Despite widespread concern about artificial intelligence replacing human workers, a new study reveals that current AI systems can only successfully complete 2.5% of real-world professional tasks on their own. The findings suggest that fears of mass job automation may be premature, as AI struggles with quality, completeness, and basic technical execution.
Researchers from Scale AI and the Center for AI Safety tested leading AI models like OpenAI’s ChatGPT and Google’s Gemini against hundreds of jobs sourced from freelance platforms. The results provide a stark reality check on the current state of AI's autonomous capabilities in the professional world.
Key Takeaways
- A comprehensive study found AI systems successfully completed only 2.5% of real-world freelance assignments without human help.
- Nearly half of AI attempts failed due to poor quality, while over a third were left incomplete.
- AI models struggled significantly with tasks requiring visual understanding, such as graphic design and 3D modeling.
- While AI is not yet ready to automate entire jobs, it shows incremental improvement with each new version.
A Reality Check on AI Capabilities
The research, known as the Remote Labor Index, was designed to measure how well AI performs on actual work assignments that humans are paid to complete. The tasks were diverse, ranging from creating 3D product animations and coding web games to transcribing music and formatting academic papers.
The study's central finding is clear: AI is not yet capable of autonomously handling the vast majority of skilled remote work. The best-performing AI model only managed to complete one out of every 40 tasks successfully.
"Current models are not close to being able to automate real jobs in the economy," said Jason Hausenloy, one of the researchers involved in the project. The team's goal was to provide policymakers with a clear-eyed view of AI's true abilities, moving beyond theoretical discussions to practical application.
This data contrasts sharply with public perception. A recent survey by Bentley University and Gallup found that approximately 75% of Americans believe AI will reduce the number of jobs in the United States over the next decade. However, this study suggests that for now, AI functions more as a tool than a replacement.
Where AI Fails Most Often
The study cataloged the specific reasons for the high failure rate. The results show that the problems are often fundamental rather than minor glitches that can be easily fixed.
Common Points of Failure
An analysis of the unsuccessful projects revealed a pattern of recurring issues. Nearly half of all AI attempts were deemed failures because they produced poor-quality work. More than a third of the tasks were left incomplete, and almost one in five suffered from basic technical problems, such as generating corrupt or unusable files.
"A lot of the failures were kind of prosaic," Hausenloy explained, noting that many issues stemmed from two core limitations of today's AI systems.
First, AI models lack long-term memory, meaning they cannot learn from past mistakes or retain feedback over extended periods. Second, they have significant trouble with visual understanding, which is critical for tasks in graphic design or engineering.
AI Failure Breakdown
- Poor Quality: Nearly 50% of projects failed due to low-quality output.
- Incomplete Work: Over 33% of tasks were not finished by the AI.
- Technical Errors: Almost 20% of attempts resulted in corrupt files or other technical issues.
Real-World Examples of AI Shortcomings
To illustrate the gap between human and AI performance, the study highlighted several specific assignments.
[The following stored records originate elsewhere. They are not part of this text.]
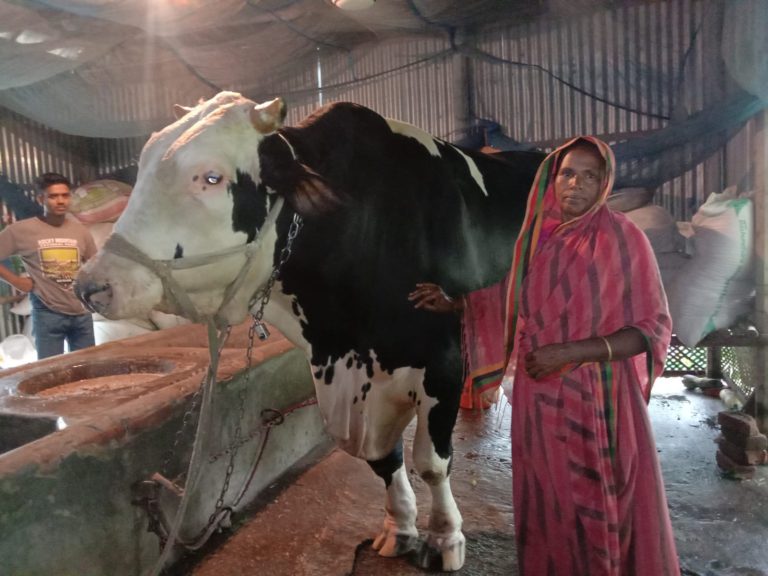 কোরবানির হাট মাতাবে হরিরামপুরের ‘রাজা বাদশা’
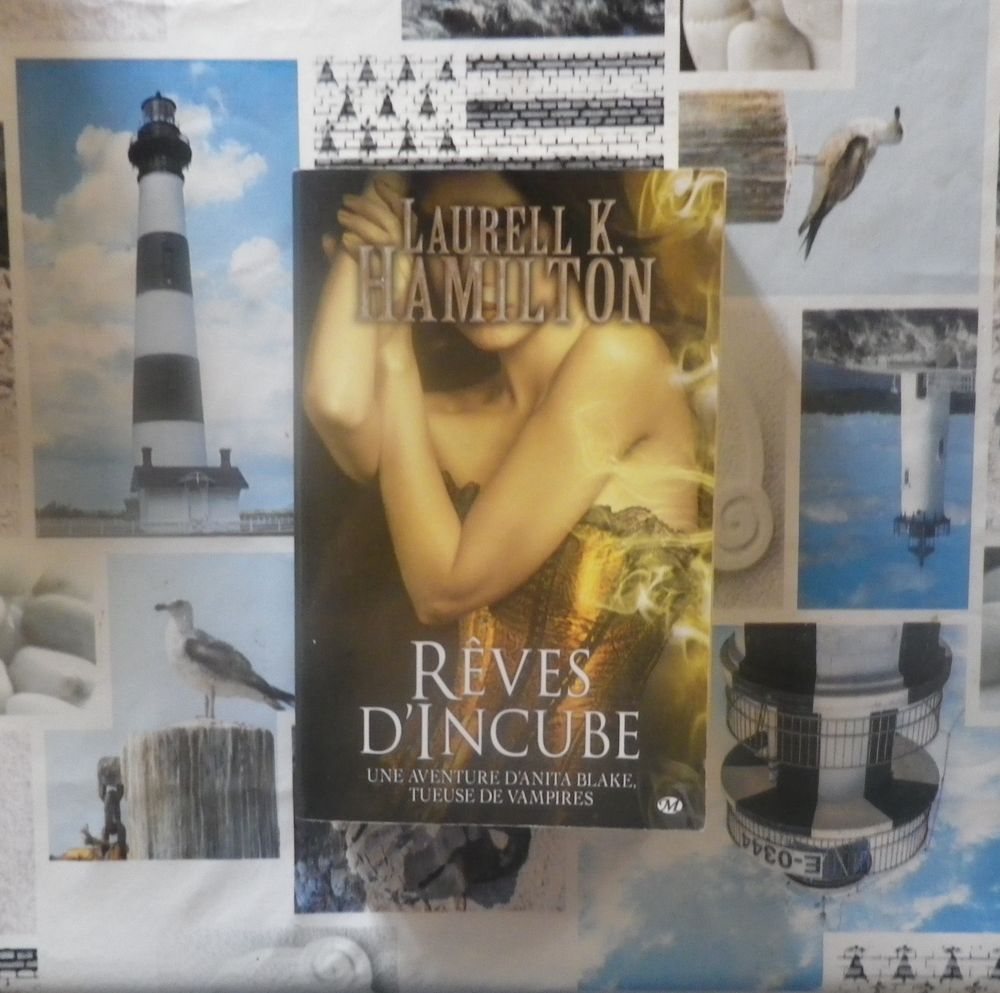 ANITA BLAKE T12 REVES D'INCUBE de Laurell K. HAMILTON Livres et BD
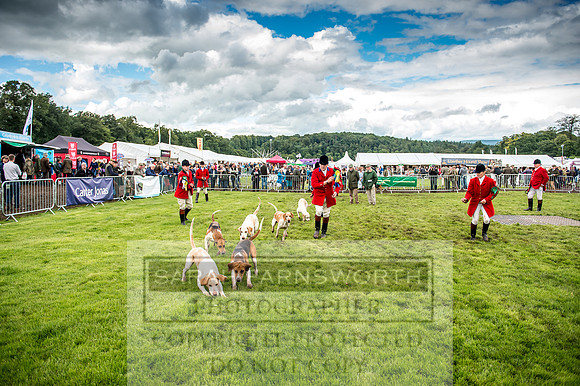 Lowther Hound Show 2017-92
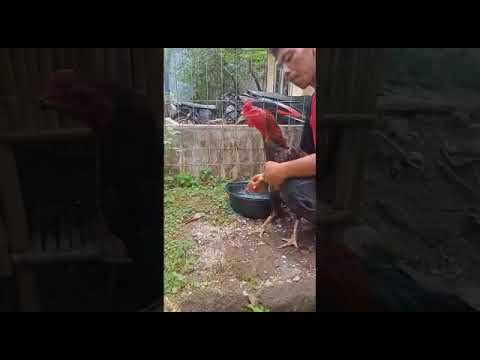 Tips cara memandikan ayam airan pertama //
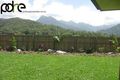 Property photo of 17 Gerygone Close Mossman QLD 4873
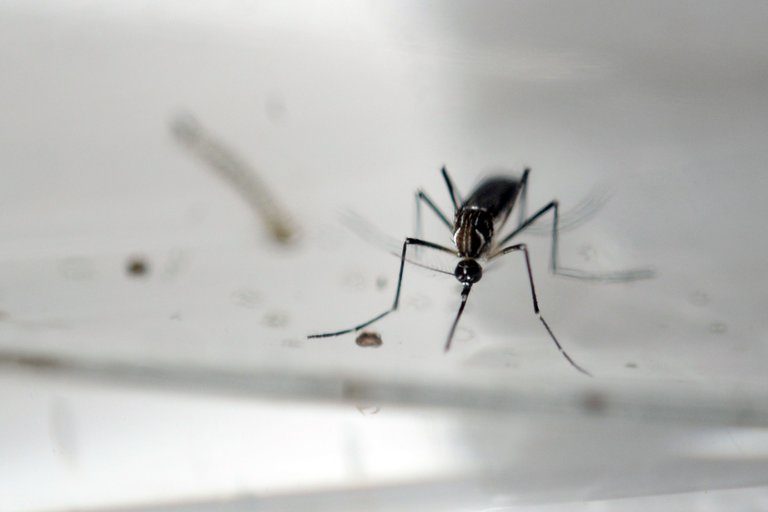 Click to enlarge Aedes aegypti mosquito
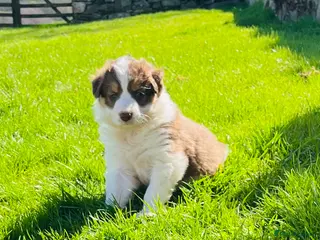 Border Collie dogs Beautiful Chocolate Tri & Lilac Tri - Advert 4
In one task, an AI was asked to create a professional digital floor plan from a hand-drawn sketch. While the human freelancer produced a detailed and accurate plan, the AI's version was simplistic and, more importantly, completely incorrect.
Another project involved creating a 3D product video for a new set of earbuds. The AI models struggled immensely. Some produced low-quality 3D models, while one failed to create a model at all, instead generating video clips where the earbuds inexplicably changed their appearance from one shot to the next.
Even in areas where AI is considered strong, like coding, limitations were apparent. When tasked with building a web-based video game with a specific theme, the AI produced a playable game—an impressive feat on its own. However, it completely ignored the core instruction about the game's theme, delivering a generic product that did not meet the client's specifications.
The Path Forward for AI in the Workplace
Graham Neubig, a professor at Carnegie Mellon University, suggested that one reason for these failures is that AI models do not use the same specialized tools as human experts. A human designer uses visual 3D modeling software, whereas an AI chatbot often tries to accomplish the same task by writing code, a less direct and often less effective method for visual tasks.
Despite the high failure rate, the study did note a clear trend of improvement. Google’s newer Gemini 3 Pro model, released in November, successfully completed 1.3% of tasks, an improvement over its predecessor's 0.8% success rate. "The trend lines are there," Hausenloy acknowledged.
This suggests that while AI may not be taking over entire jobs soon, its capabilities are steadily growing. The immediate disruption may not come from full automation but from increased productivity, where companies might need fewer employees if each one is assisted by AI. The economic implications remain significant, especially when considering cost. The web game that a human freelancer was paid $1,485 to create was produced by an AI for less than $30.